Het vijfde lid geeft uitvoering aan de in artikel 11c, vijfde lid, onderdeel b, van de wet neergelegde bevoegdheid om regels te geven ter bepaling van het gedeelte van de aan het fonds verschuldigde bijdragen dat kan worden toegerekend aan in de onderneming werkzame personen van 40 jaar en ouder. Dit gedeelte wordt in beginsel op forfaitaire wijze bepaald, namelijk door de verhouding tussen in de onderneming werkzame personen van 40 jaar en ouder en alle in de onderneming werkzame personen op 1 januari van het kalenderjaar te nemen. Ter wille van de eenvoud is deze forfaitaire bepaling van het aandeel op de 40-plussers van toepassing op de netto-bijdrage aan het fonds, de bijdrage aan het fonds minus de tegemoetkoming van het fonds. Dit leidt ertoe dat in zo’n geval de belastingplichtige de tegemoetkomingen uit het fonds niet op individuele basis in mindering behoeft te brengen op de scholingskosten van in de onderneming werkzame personen. Ingevolge de tweede volzin heeft de belastingplichtige de mogelijkheid om de werkelijke verhouding waarin de uitgaven van het fonds voor scholing van personen van 40 jaar en ouder staan tot de totale uitgaven van het fonds voor scholing aannemelijk te maken (dan moeten uiteraard van het fonds ontvangen tegemoetkomingen wel op individuele basis in mindering worden gebracht op de scholingskosten).

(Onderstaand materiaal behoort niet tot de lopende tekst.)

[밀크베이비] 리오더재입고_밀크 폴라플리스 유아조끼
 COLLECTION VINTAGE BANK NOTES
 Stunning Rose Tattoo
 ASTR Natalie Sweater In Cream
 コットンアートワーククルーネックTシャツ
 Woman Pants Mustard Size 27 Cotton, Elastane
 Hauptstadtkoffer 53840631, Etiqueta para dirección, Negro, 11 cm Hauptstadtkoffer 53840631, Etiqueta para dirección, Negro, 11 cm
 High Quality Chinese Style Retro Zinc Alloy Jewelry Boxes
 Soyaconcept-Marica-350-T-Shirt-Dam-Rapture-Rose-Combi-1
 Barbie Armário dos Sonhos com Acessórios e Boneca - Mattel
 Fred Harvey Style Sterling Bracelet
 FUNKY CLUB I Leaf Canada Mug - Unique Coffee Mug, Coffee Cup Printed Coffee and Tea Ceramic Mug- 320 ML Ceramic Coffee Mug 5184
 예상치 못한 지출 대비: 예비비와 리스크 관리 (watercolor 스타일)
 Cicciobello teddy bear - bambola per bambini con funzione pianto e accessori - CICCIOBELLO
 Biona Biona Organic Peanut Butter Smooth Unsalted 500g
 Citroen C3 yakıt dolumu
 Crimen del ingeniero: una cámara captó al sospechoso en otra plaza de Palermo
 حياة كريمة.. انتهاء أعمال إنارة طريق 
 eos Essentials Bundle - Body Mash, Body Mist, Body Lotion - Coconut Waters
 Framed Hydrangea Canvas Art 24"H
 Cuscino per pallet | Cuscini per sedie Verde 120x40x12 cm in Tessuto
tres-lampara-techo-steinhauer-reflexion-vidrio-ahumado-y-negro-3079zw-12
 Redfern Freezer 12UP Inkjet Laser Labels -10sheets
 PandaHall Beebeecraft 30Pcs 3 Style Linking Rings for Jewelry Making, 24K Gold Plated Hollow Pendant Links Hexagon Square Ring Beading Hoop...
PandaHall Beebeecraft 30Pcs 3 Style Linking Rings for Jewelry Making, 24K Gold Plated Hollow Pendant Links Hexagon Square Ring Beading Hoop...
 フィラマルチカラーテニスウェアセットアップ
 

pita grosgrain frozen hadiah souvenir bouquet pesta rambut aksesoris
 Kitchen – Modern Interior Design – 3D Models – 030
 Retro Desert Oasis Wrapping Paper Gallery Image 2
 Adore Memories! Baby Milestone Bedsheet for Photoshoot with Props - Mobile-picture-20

De in de onderdelen A.1 en A.2 opgenomen wijzigingen zijn van technische aard en strekken ertoe de tekst van de uitvoeringsregeling in overeenstemming te brengen met de tekst van het nieuwe artikel 11c van de wet.

In artikel 11c, vierde lid, van de wet is de term aanverwante activiteiten opgenomen. In de memorie van toelichting is vermeld dat onder aanverwante activiteiten wordt verstaan activiteiten die onlosmakelijk zijn verbonden met scholing. Volledigheidshalve kan worden opgemerkt dat daarbij is gedacht aan bij voorbeeld de reis- en verblijfkosten bij een cursus of tegemoetkomingen van het fonds voor verletkosten in verband met deelname aan een cursus.

De Staatssecretaris van Financiën,

W.A.F.G. Vermeend.

1 Regeling van 21 december 1995 (Stcrt. 251), laatstelijk gewijzigd bij regeling van 17 december 1998 (WDB98/428M).

2 Regeling van 30 november 1989 (Stcrt. 234), laatstelijk gewijzigd bij regeling van 17 december 1998 (WDB98/428M).